Required action:
Retype, word for word, every line starting at the line with "imagem de Decoração Parede Metal G?raffe2" and ending with the final line of the entries; skip the pictures.

Input for this task:
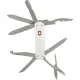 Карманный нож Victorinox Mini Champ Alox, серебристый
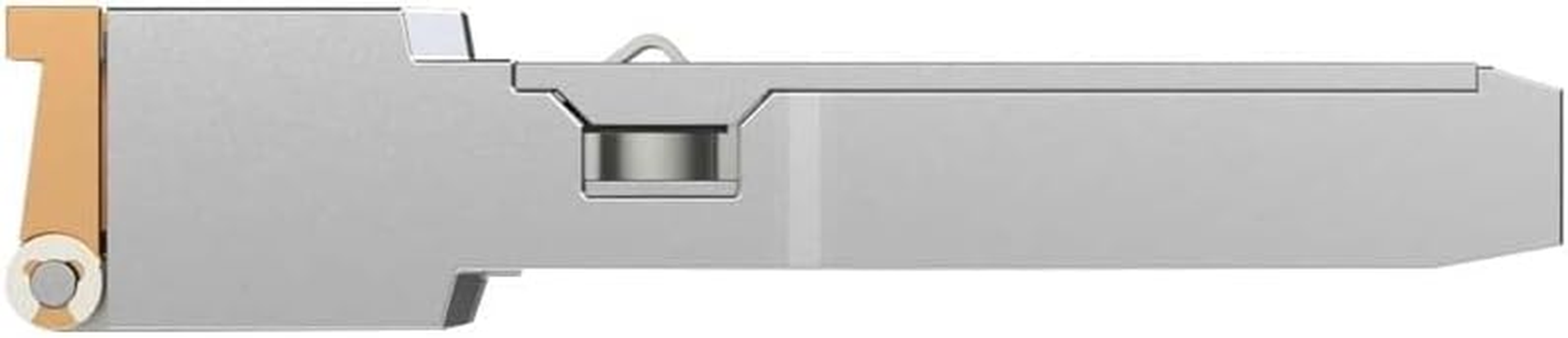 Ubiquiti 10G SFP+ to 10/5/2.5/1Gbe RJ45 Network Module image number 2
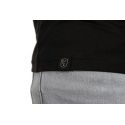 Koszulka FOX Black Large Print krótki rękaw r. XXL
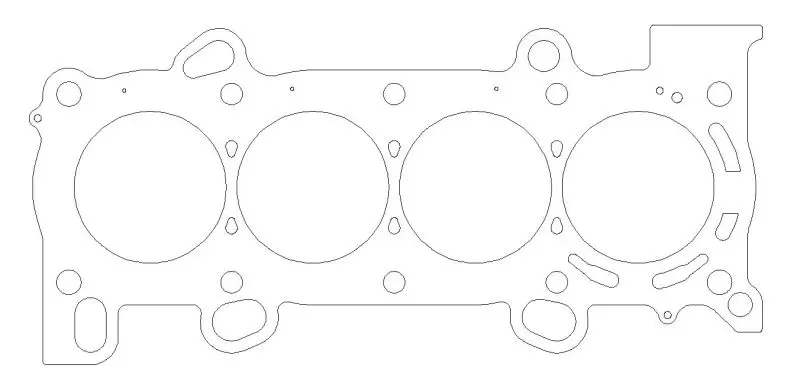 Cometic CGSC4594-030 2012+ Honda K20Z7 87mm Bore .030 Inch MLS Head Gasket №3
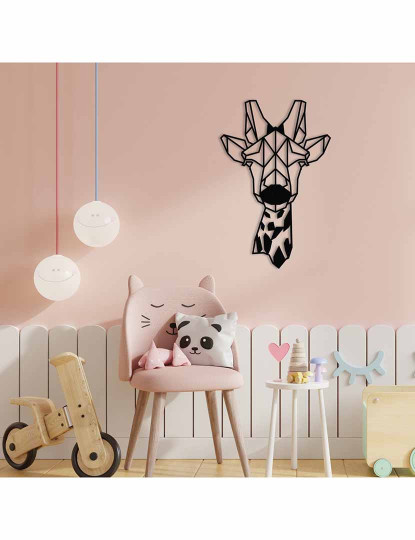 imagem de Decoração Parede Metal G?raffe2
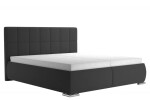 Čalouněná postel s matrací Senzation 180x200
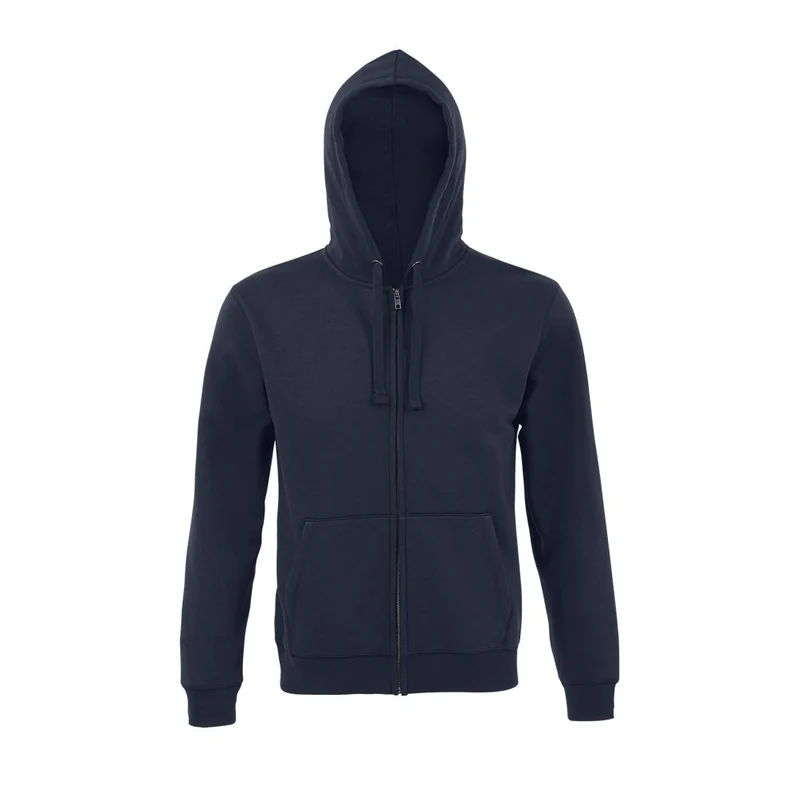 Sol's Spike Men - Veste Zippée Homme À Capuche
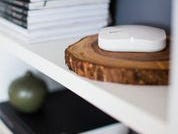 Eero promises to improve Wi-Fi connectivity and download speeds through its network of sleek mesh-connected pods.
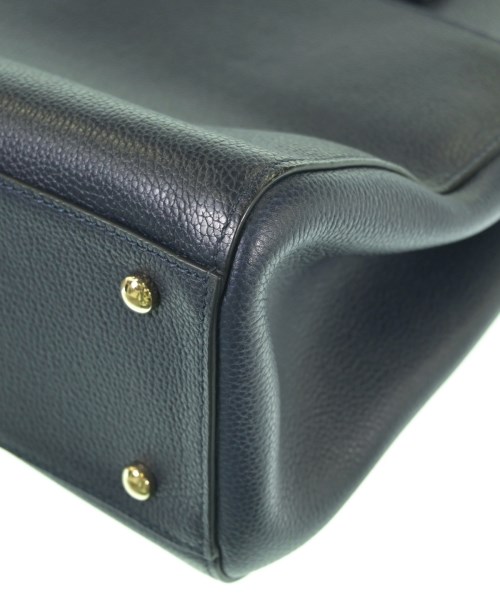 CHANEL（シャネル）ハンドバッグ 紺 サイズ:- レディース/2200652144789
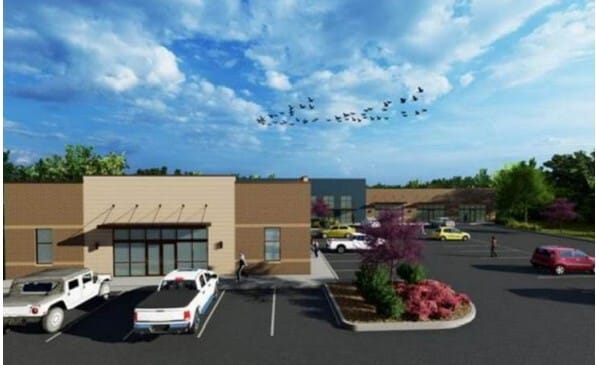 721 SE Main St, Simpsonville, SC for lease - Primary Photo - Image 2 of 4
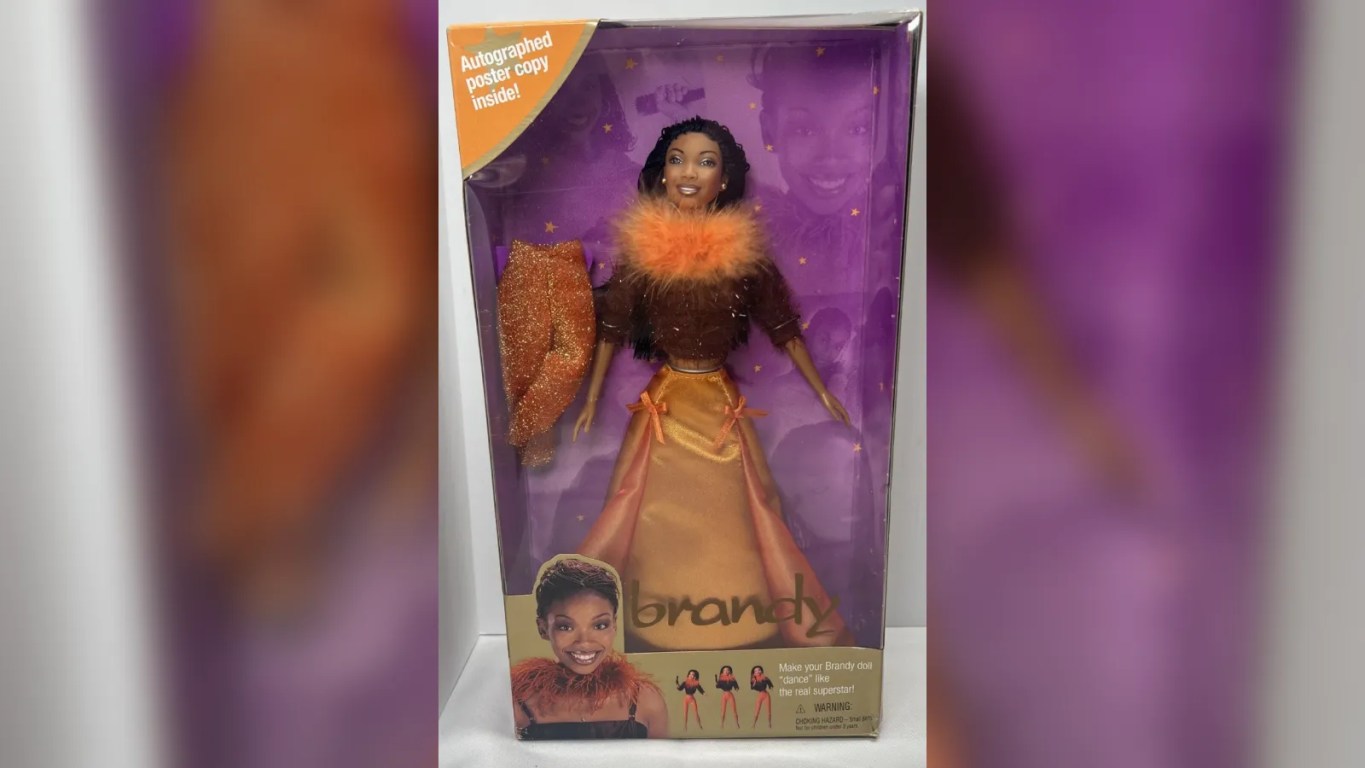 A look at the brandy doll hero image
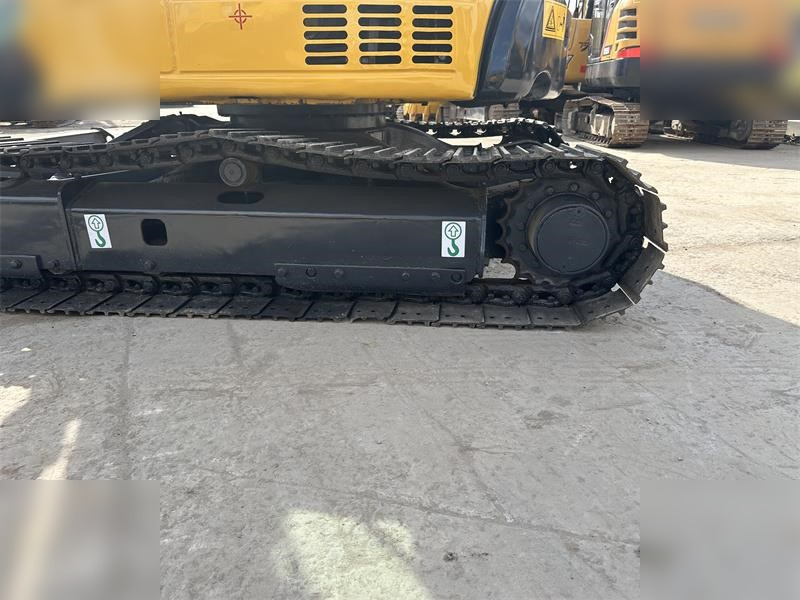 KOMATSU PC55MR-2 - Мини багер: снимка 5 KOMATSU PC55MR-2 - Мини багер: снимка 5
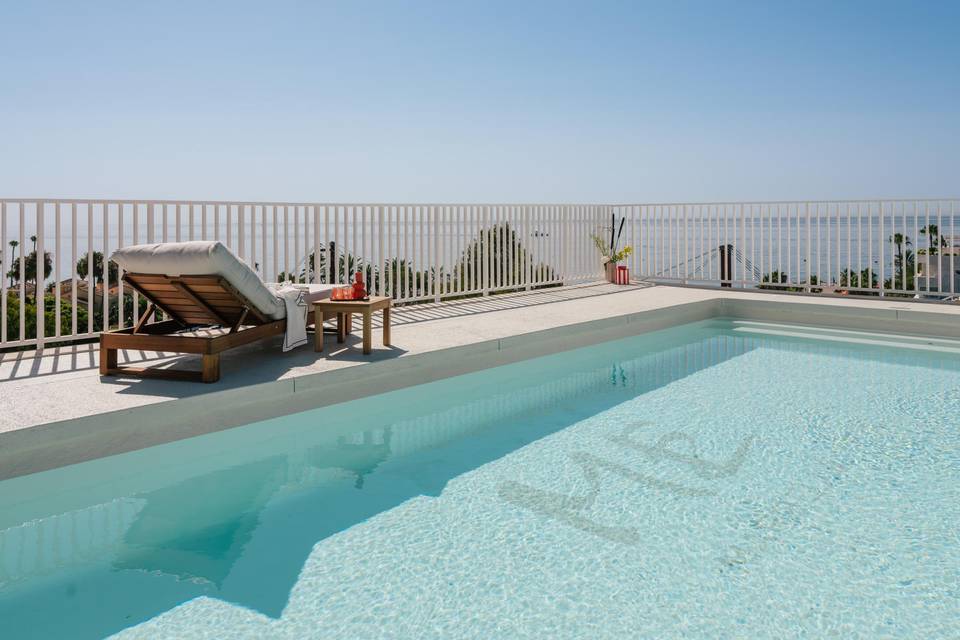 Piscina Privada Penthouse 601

Response box:
 imagem de Decoração Parede Metal G?raffe2
 Čalouněná postel s matrací Senzation 180x200
 Sol's Spike Men - Veste Zippée Homme À Capuche
 Eero promises to improve Wi-Fi connectivity and download speeds through its network of sleek mesh-connected pods.
 CHANEL（シャネル）ハンドバッグ 紺 サイズ:- レディース/2200652144789
 721 SE Main St, Simpsonville, SC for lease - Primary Photo - Image 2 of 4
 A look at the brandy doll hero image
 KOMATSU PC55MR-2 - Мини багер: снимка 5 KOMATSU PC55MR-2 - Мини багер: снимка 5
 Piscina Privada Penthouse 601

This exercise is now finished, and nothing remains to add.